Perhaps the highlight of the swearing-in of the 132nd president of the Generalitat of Catalonia, Pere Aragonès (ERC), was an intelligent combination of expressing the desire to begin a new phase, along with the graphic image of his predecessor in office, Quim Torra, placing over his shoulders the ceremonial medallion that symbolically makes him into Catalonia's highest political authority. A clear and unambiguous political statement intented to give the message that the disqualification from office of the previous president by the Spanish Supreme Court - for hanging a banner on the Generalitat palace - has no effect when it comes to projecting the continuity of the Catalan institutions. One president hands over the command to another president. A strong symbolism that disempowers actions of state repression.
The second important gesture was the presence of several of the pro-independence political prisoners who are serving sentences at Lledoners jail: Oriol Junqueras, the president of ERC and the mentor of Aragonès, the president of Òmnium, Jordi Cuixart, and Jordi Sànchez, imprisoned as president of the Catalan National Assembly (ANC) and currently general secretary of the Junts party. The television images captured a conversation between Sànchez and the Spanish territorial minister, Miquel Iceta, who was representing the Spanish government at the event. The same situation occurred at another moment between Jordi Cuixart and Iceta. It was a gesture of detente that will have its defenders and detractors, but which demonstrates the exceptional situation of Catalonia, with Sànchez and Cuixart being about to return to prison and Iceta, one of the intellectual authors along with Soraya Sáenz de Santamaría of the imposition of Article 155 on Catalonia, was present in his capacity as a minister of the Kingdom of Spain, which has condemned them to the barbarous sentence of nine years in prison.

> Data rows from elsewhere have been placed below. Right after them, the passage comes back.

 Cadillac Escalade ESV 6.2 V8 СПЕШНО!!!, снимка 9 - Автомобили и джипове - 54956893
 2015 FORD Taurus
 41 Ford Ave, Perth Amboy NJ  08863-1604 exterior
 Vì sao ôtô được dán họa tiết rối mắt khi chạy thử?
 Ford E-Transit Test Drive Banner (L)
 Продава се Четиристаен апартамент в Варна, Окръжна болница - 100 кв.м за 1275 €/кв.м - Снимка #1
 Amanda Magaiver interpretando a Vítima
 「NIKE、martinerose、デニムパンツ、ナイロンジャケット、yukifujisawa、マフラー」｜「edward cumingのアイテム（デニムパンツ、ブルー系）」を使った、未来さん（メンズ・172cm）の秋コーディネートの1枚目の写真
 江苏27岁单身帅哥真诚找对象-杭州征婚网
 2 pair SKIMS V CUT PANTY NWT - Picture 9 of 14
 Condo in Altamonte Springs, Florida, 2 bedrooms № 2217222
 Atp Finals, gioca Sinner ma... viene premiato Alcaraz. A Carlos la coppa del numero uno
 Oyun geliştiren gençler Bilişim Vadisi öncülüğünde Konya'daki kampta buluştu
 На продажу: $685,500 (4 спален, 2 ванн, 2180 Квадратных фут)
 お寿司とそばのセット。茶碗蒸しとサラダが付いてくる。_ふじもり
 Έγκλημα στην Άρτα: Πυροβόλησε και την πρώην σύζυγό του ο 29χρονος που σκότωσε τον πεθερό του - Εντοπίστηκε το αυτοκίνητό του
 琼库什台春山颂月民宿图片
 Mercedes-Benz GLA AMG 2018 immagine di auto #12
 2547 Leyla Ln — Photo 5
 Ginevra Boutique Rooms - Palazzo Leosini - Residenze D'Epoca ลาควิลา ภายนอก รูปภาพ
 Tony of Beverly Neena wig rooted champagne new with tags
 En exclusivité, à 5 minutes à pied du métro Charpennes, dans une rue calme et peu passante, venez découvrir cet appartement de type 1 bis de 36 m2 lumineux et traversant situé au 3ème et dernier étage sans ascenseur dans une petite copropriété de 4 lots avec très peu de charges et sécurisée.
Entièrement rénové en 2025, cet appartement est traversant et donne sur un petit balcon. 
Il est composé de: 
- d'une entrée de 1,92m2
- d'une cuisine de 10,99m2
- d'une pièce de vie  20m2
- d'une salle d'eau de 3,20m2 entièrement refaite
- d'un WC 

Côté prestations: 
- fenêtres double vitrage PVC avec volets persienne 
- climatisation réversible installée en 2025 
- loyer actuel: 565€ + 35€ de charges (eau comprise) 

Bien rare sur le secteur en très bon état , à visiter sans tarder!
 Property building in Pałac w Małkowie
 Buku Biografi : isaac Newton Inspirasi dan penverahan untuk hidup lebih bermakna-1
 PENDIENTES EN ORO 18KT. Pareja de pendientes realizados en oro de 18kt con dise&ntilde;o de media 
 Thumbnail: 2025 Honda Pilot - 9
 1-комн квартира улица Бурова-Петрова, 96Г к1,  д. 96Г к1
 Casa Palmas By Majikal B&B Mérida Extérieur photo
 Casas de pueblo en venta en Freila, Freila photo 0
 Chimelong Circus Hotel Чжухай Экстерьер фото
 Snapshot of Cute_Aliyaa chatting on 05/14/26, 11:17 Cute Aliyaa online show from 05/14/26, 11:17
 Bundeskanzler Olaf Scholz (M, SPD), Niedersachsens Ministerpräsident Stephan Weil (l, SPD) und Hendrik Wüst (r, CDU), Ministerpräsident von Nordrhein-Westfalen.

With Aragonès now holding full powers as president, the clock starts to tick for the political moves of the Spanish government and its prime minister Pedro Sánchez. There are no longer any excuses for delaying the dialogue table or the granting of pardons so often promised and which continue to be processed at snail’s pace. The amnesty for those affected by judicial action and and the right to self-determination will be present at this dialogue table and it remains to be seen whether this Operation Dialogue 2 will come to naught again as it did the first time around, when it was reduced to just a friendly photo, and no indication of any negotiation on anything, let alone any agreement.
The final names of members of the new Catalan executive to be announced have one feature worth noting: the real need for change in a worn-out cabinet whose momentum is very low. Only Aragonès will continue, as president; Puigneró, as vice-president and Teresa Jordà as climate minister. There would never have been a clean-out like this between one government and the next if there had not been a change of the party in power in the middle. It is, in short, a demonstration of the need for change that existed, with the odd honourable exceptions of a minister who has been left out undeservedly, such as is the case of Ramon Tremosa.